Lithuania asks Russia to ensure security of its embassy in Moscow in wake of threats

  • 2019-04-13
  • BNS/TBT Staff

VILNIUS - Lithuania is asking Russia to ensure the security of its embassy in Moscow after its staff received a threatening letter.  

A representative of the Russian embassy in Vilnius was summoned on Friday and handed a note over threats to Lithuanian diplomats following a Vilnius court's ruling in a mass trial related to the January 1991 crackdown on the country's independence movement, the Lithuanian Foreign Ministry said. 

The Russian diplomat was summoned after Lithuania received no official response to its April 1 note asking the Russian Foreign Ministry to ensure the security of the embassy, the Lithuanian side says. 

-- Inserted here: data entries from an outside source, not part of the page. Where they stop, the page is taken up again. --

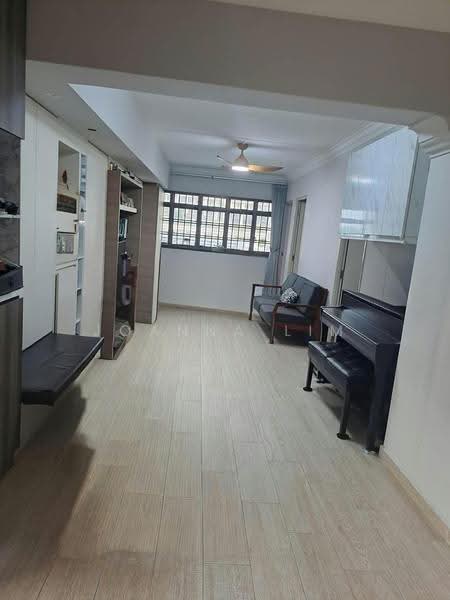181 Stirling Road, 181 Stirling Road, Alexandra / Commonwealth, 3 Bedrooms, 1,033 sqft, HDB Flat For Sale, by Joanna Lim, 500266308 - Living Room - PropertyGuru.com.sg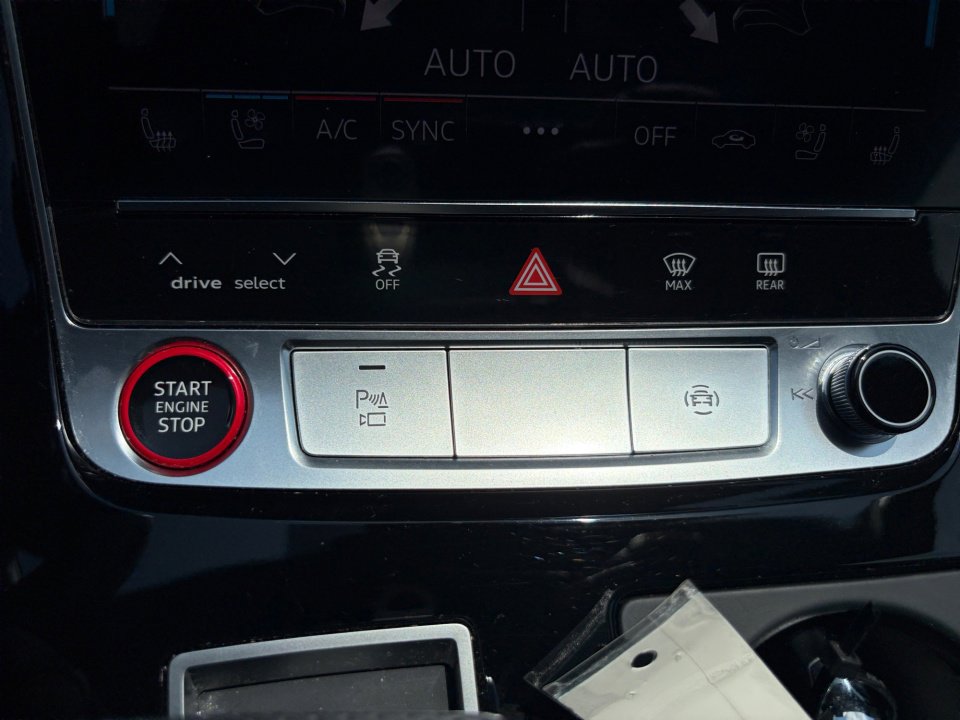 Used 2023 Audi SQ7 Premium Plus w/ Executive Package AWD/4WD image 20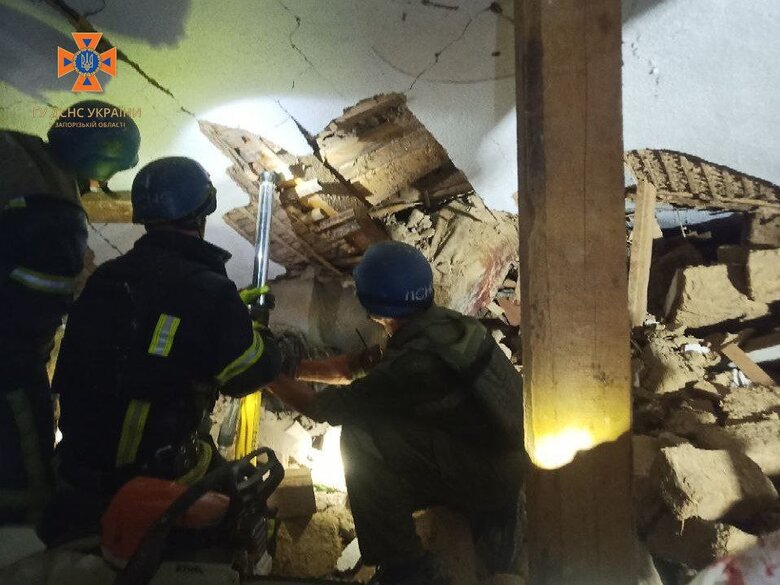 Наслідки ракетного удару по Запорізькому району 01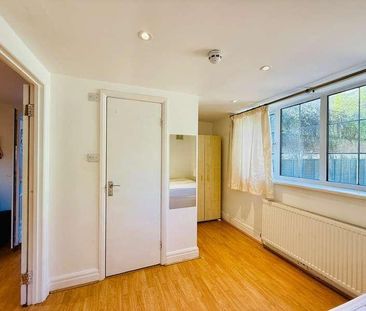 Finchley Road, London, NW11 - Photo 4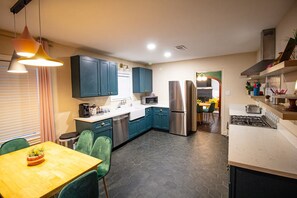 Mikroaaltouuni, uuni, liesi, astianpesukone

"The ambassador was summoned after (Lithuania) received no official response to the note either from the Russian Foreign Ministry or from other authorities," Rasa Jakilaitiene, spokeswoman for the Lithuanian foreign minister, told BNS.  

The letter, signed by an organization of veterans of Russia's special services, demands that Lithuanian diplomats leave Moscow within a month, threatening that "otherwise both you and your family members may be in danger", Remigijus Motuzas, Lithuania's ambassador to Moscow who was been recalled to Vilnius for consultations, told BNS. 

The embassy in Moscow is guarded by Lithuanian officers from the inside and by Russian police from the outside, he said.  

In late March, the Vilnius Regional Court convicted a total of 67 Russian, Belarusian and Ukrainian citizens of war crimes and crimes against humanity and handed them prison sentences ranging from four to 14 years. The majority of them were sentenced in absentia as Russia and Belarus refused to extradite them.

Russia, in turn, has opened a criminal case against four Lithuanian judges involved in the trial and a former prosecutor who investigated the so-called January 13 case. 

Motuzas told BNS that, to his knowledge, Russia had not sent any requests for legal assistance to Lithuania. 

Fourteen civilians were killed and hundreds more were wounded when the Soviet troops stormed the TV Tower and the Radio and Television Committee building in Vilnius in the early hours of January 13, 1991.

The Soviet Union used military force to overthrow the legitimate government of Lithuania, which declared independence on March 11, 1990.